DATA PROVIDED:
——————————

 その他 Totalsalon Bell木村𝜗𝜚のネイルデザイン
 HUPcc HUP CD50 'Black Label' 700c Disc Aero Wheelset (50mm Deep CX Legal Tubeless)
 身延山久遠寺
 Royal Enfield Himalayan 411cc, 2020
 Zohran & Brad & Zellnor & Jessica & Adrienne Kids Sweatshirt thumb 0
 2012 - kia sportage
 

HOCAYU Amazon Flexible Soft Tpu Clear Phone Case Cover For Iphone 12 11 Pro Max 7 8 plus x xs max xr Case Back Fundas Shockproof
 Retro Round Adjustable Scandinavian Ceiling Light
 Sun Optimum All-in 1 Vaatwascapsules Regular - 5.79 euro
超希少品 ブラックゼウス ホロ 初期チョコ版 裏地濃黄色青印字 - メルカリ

——————————

AIM OF THE TASK: Your task is to retype, exactly and only, the lines from the one with "HOCAYU Amazon Flexible" through the final line above.

EXERCISE OUTPUT:
HOCAYU Amazon Flexible Soft Tpu Clear Phone Case Cover For Iphone 12 11 Pro Max 7 8 plus x xs max xr Case Back Fundas Shockproof
 Retro Round Adjustable Scandinavian Ceiling Light
 Sun Optimum All-in 1 Vaatwascapsules Regular - 5.79 euro
超希少品 ブラックゼウス ホロ 初期チョコ版 裏地濃黄色青印字 - メルカリ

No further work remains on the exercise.